Murid-murid memberi salam kepada guru itu begitu pula Hinata dan Ino. Saat orang tua itu membuka suara sepertinya ia membahas tentang murid pindahan.

" Kita kali ini kedatangan murid pindahan dari Inggris. Bapak ingin kalian bisa akrab dengannya."

" Ya pak."

Guru yang telah berusia lanjut itu menaruh buku yang sedari tadi ia pegang di meja miliknya, dengan sebuah suara pelan ia menyuruh murid pindahan baru untuk masuk. Hinata tak begitu memperdulikan tentang bagaimana murid pindahan tersebut.

Berbeda dengan sahabatnya Ino dan teman-teman sekelasnya yang tengah ramai. Tahun ajaran ketiga menurut Hinata merupakan tahun yang sangat merugikan jika berpindah sekolah.
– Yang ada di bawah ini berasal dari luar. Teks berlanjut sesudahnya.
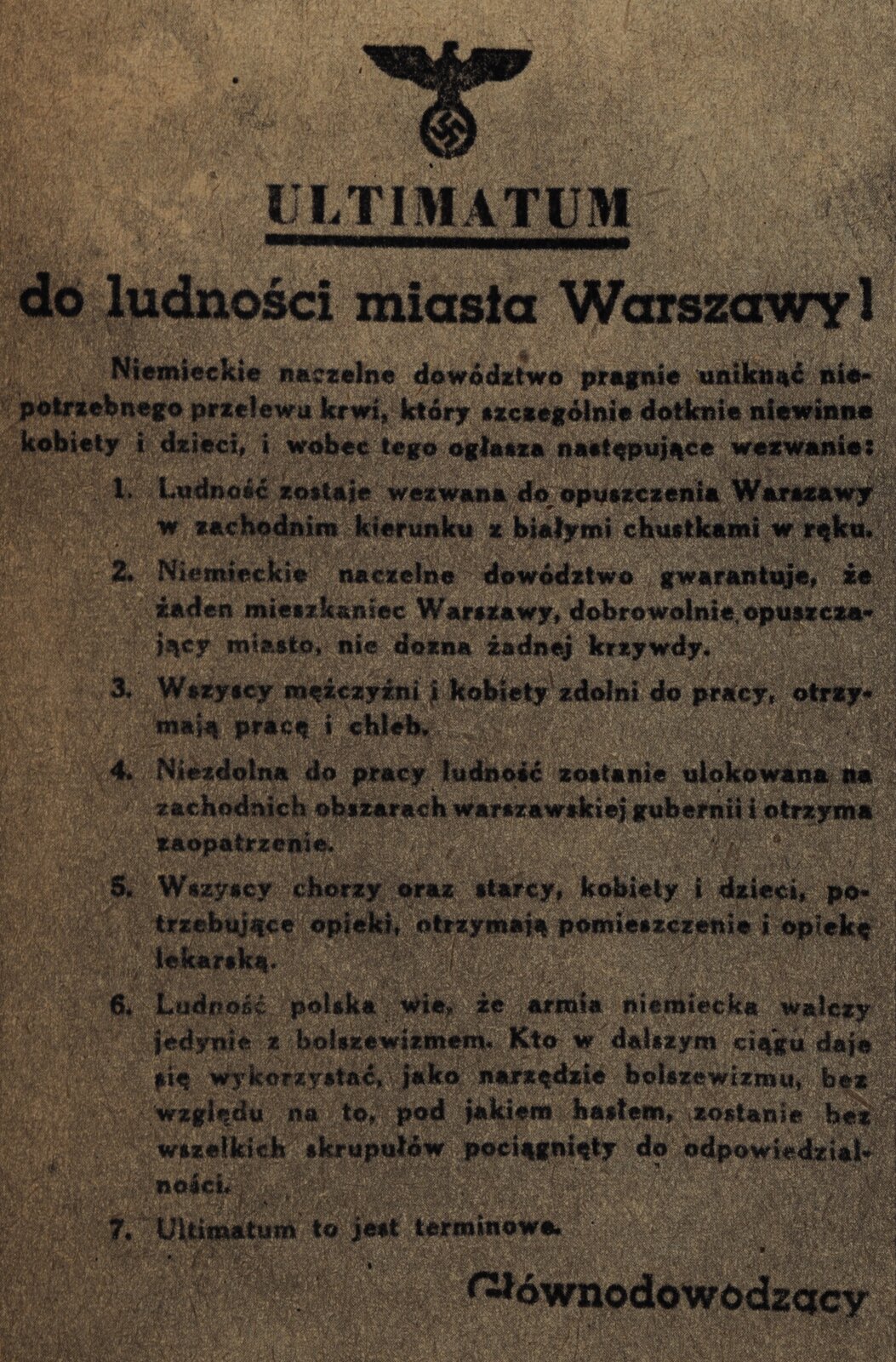 Fotografia przedstawia niemiecką ulotkę propagandową zrzuconą nad Warszawą we wrześniu 1944 roku.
Dalam tahun yang memiliki waktu sempit itu baginya mustahil untuk belajar dan menyesuaikan diri dengan sekolah barunya.

Memandang kearah jendela Hinata masih merasakan rasa sedihnya. Ia kali ini mencoba agar terlihat seperti biasanya. Kali ini dalam benaknya ia akan mencoba untuk menenangkan diri dan mencoba menyembuhkan luka dihatinya.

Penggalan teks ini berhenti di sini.